Cleversafe’s Dispersed Storage technology, which has been in the commercial market for more than two years, seamlessly and securely transforms data into secure slices and then disperses these slices to multiple storage nodes typically across three or four data centers. Each individual slice is unrecognizable as data and therefore inherently secure because only a predefined threshold of slices are required to bit-perfectly recreate the original data. This storage-efficient approach has thin provisioning built in and eliminates the need for traditional replication, thereby reducing storage requirements by 50 to 70 percent when compared to traditional RAID with replication and yet has even higher availability than four replicated copies.
Comments
This amount, $31.6 million, received by Cleversave, a start-up born in
2005, exceeds venture capital funding averages in storage.
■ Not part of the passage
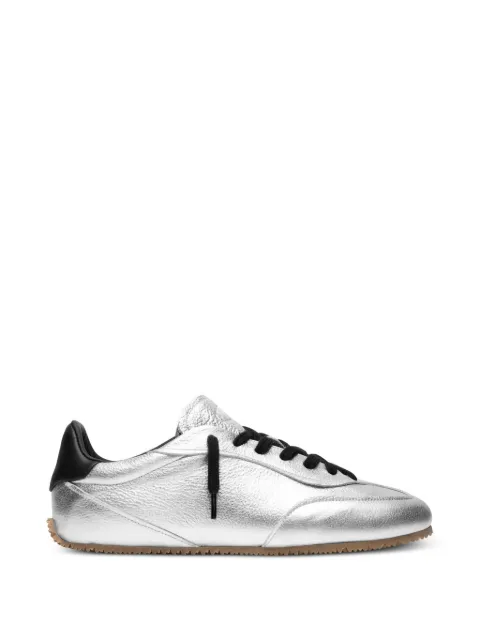 Axel Arigato tenis Daze Runner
This year,
only Fusion-io got more than that, $45 million, Carbonite being not far
with $31.4 million.
It's an extension of a series C
round of funding - the amount was not revealed - in 2007 with lead investor Harrison Street Capital LLC and
Sumitomo Bank's investment arm, Presidio Ventures, joining existing
investors New Enterprise Associates, Alsop Louie Partners and OCA
Ventures in this round. At the same time, Christopher Galvin, former
chairman and CEO of Motorola, joins the board of the start-up.